I've been watching Gordon Ramsay nonstop lately. 

I've liked this guy since I was say...15-16? Great stuff. Kitchen Nightmares on YouTube posts the highlights of all the episodes. He's a real hardass and a master chef which in my opinion makes him a master artist. I bet his food is GODDAMN delicious. Not to mention, he's kind of a hero. Like...literally saves lives. Either by saving a restaurant in genuine peril or shutting down those that put it's customers in danger. 

Harsh as he is, I've never once felt he's gone overboard and he's given gracious praise where it's needed. For those of you who may not know who he is, here's a good example.

[video=youtube;rBong35pA48]http://www.youtube.com/watch?v=rBong35pA48[/video]


----------



## Tailmon1 (Oct 22, 2013)

Normally the smart wise older People look for the restruants where the
Cops all hang out at! There is where the best food is at. It's never failed 
all the years I have done it.

I like the show myself.

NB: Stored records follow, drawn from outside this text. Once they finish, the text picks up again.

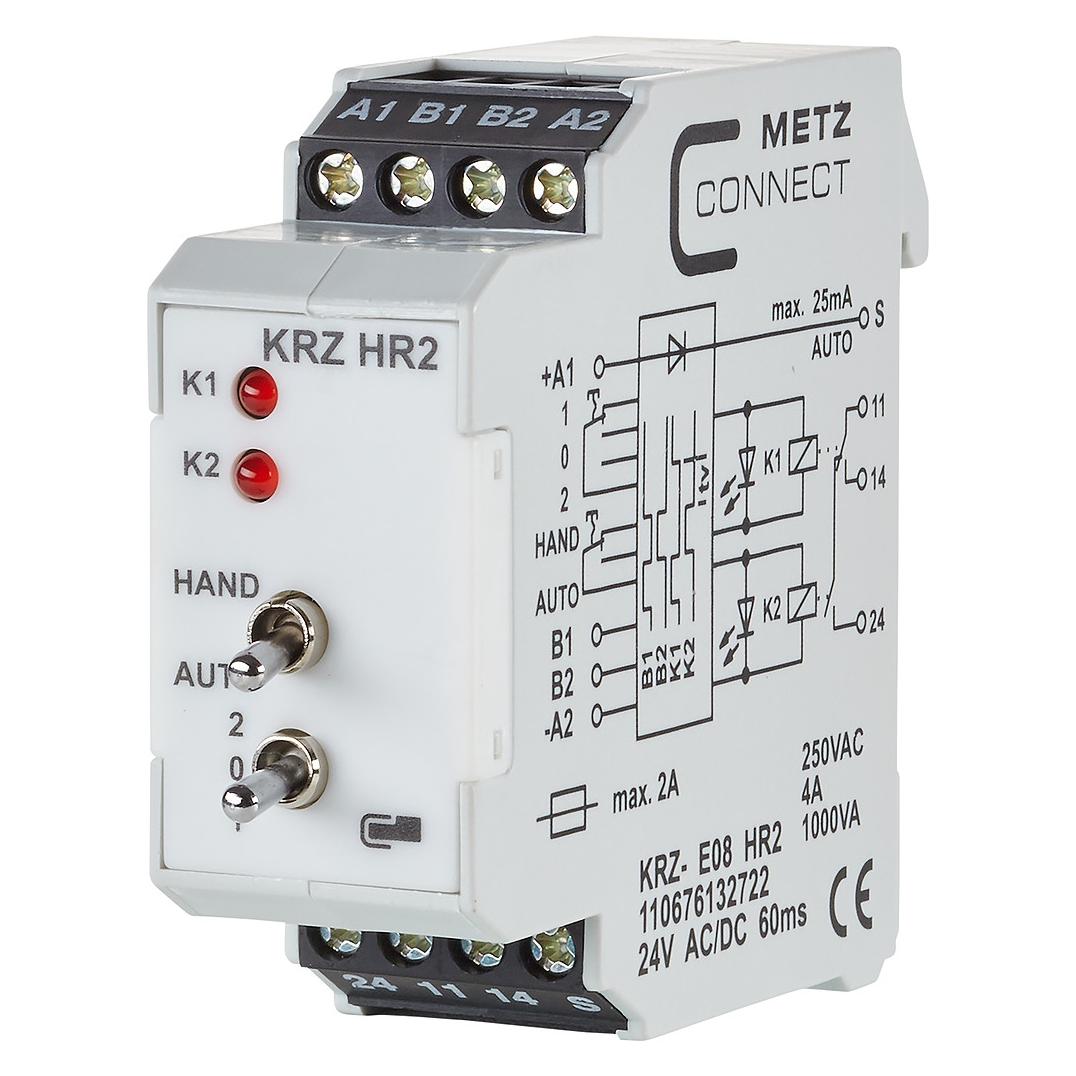 Metz Connect Schnittstellenmodul (110676132722)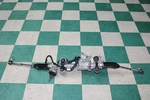 14-18 Silverado Electronic Powered Steering Rack And Pinion Tie Rod Ends Oem Wty. Fixed Price $996.99.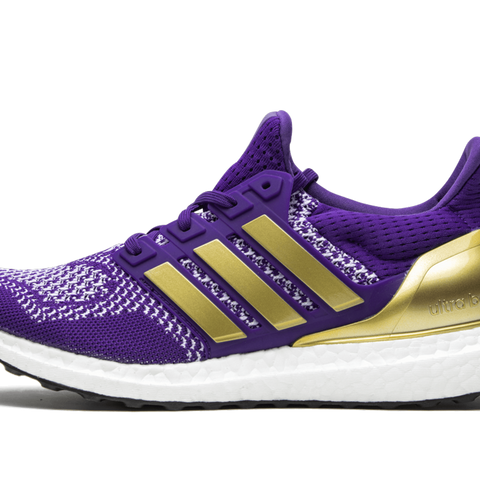 ADIDAS UltraBOOST x UW Washington Huskies Stadium Goods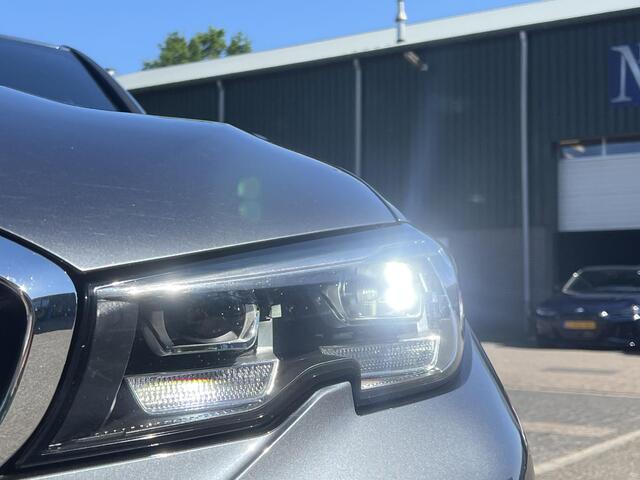 BMW 3-SERIE 330e High Executive CAMERA | ADAP. CRUISE | RIJKLAAR INCL. 12 MND. BOVAGGARANTIE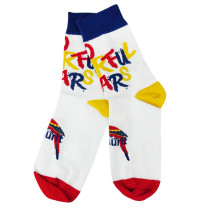 Socken "100 Jahre"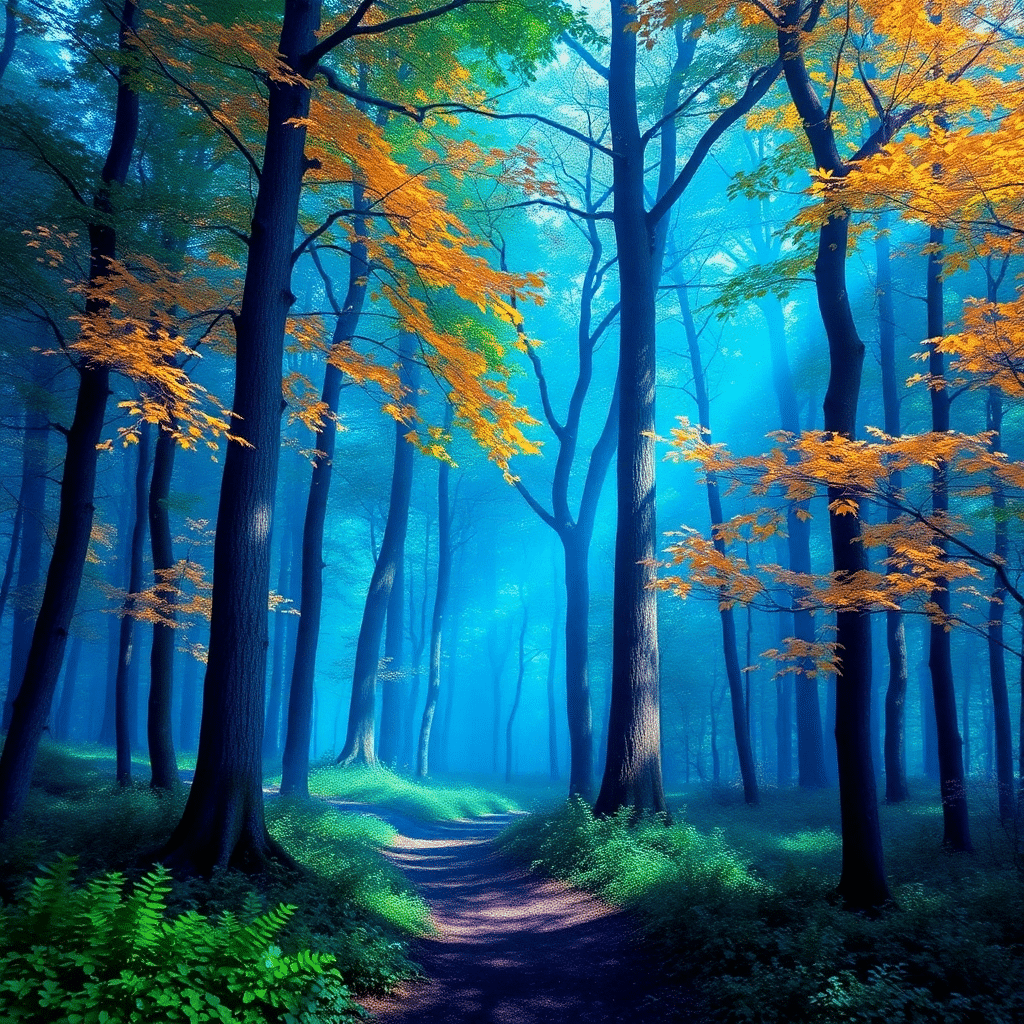 Whispers of the Emerald Fey Domain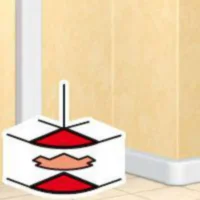 Legrand 10635 Dlp Gulot 2 Bölmeli Değişken Dış Köşe 60° - 120° - 1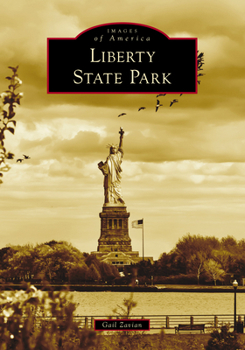 Paperback Liberty State Park Book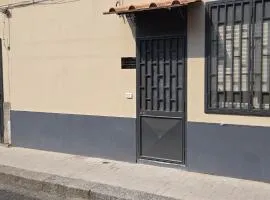 Short Location Paratore Casa Melina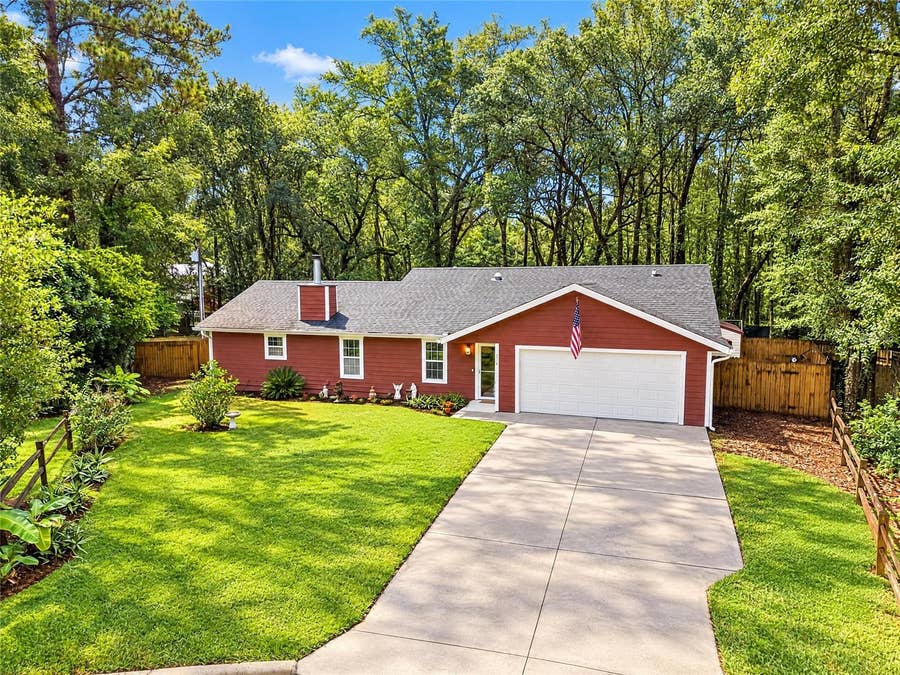 Property photo for 3119 NW 75TH TERRACE, Gainesville, FL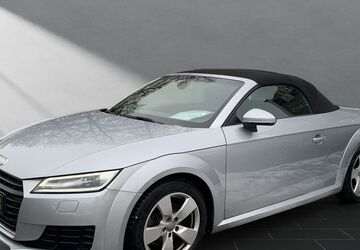 Audi TT 90.000 km 21.450 &euro; Duisburg 47055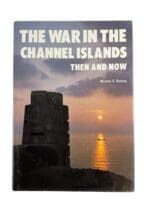 WW2 British German War In The Channel Islands Reference Book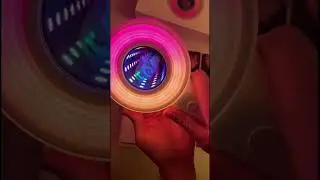 Twice CandyBong Infinity Lightstick Functions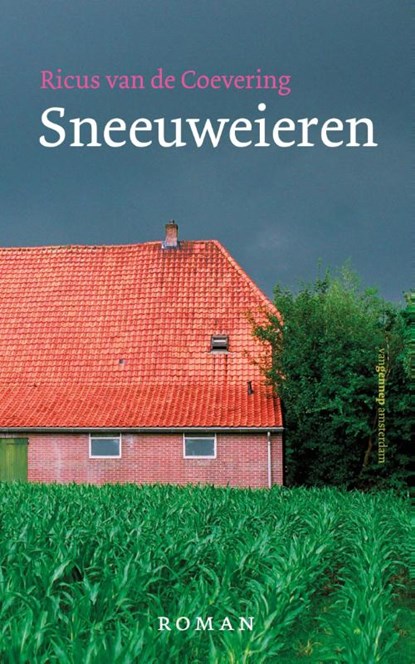 Sneeuweieren, Ricus van de Coevering - Paperback - 9789461643339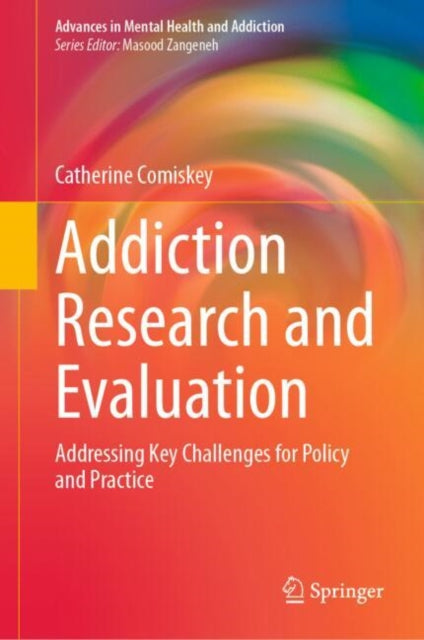 Advances in Mental Health and Addiction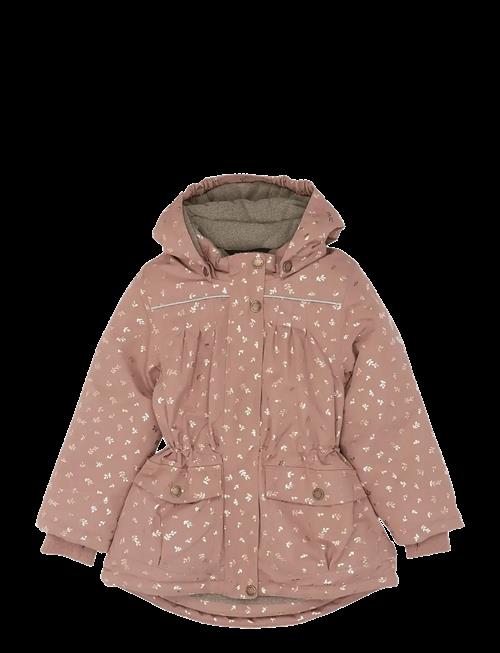 mikk-line | Polyester Jacket - Glitter | 98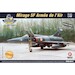 Mirage 5F In Armee de'l Air service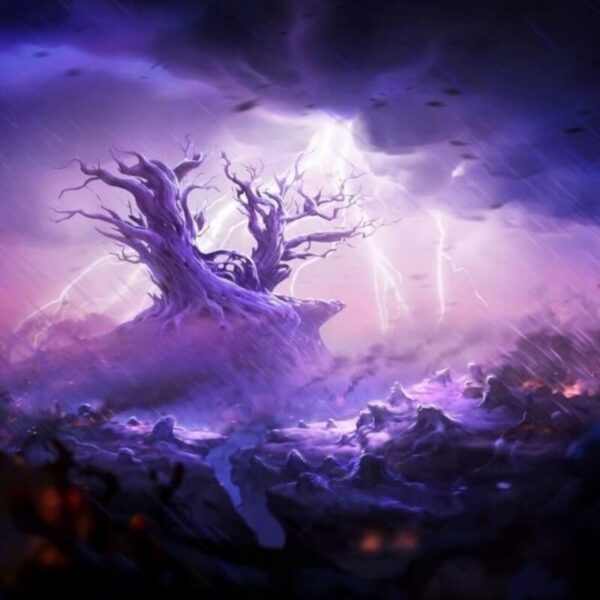 Ori and the Will of the Wisps - Steam ключ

And some of what hes found scares me.


----------



## Jags (Oct 23, 2013)

I enjoyed his autobiography, the guy worked damn hard to get where he is today. Like, 14 hour shifts every day hard.


----------



## Teal (Oct 23, 2013)

I want to sketch his face.


----------



## Judge Spear (Oct 23, 2013)

Rain-Wizard said:


> I enjoyed his autobiography, the guy worked damn hard to get where he is today. Like, 14 hour shifts every day hard.



The disrespect some people give him is sad too. I can understand that criticism is hard to take, but fuck. Some woman tossed him out of her disgusting restaurant.



Teal said:


> I want to sketch his face.



Them deep lines of experience. <3


----------



## Arshes Nei (Oct 23, 2013)

XoPachi said:


> The disrespect some people give him is sad too. I can understand that criticism is hard to take, but fuck. Some woman tossed him out of her disgusting restaurant.



Most don't like being cussed at. That being said while harsh he's pretty spot on. I find him entertaining. 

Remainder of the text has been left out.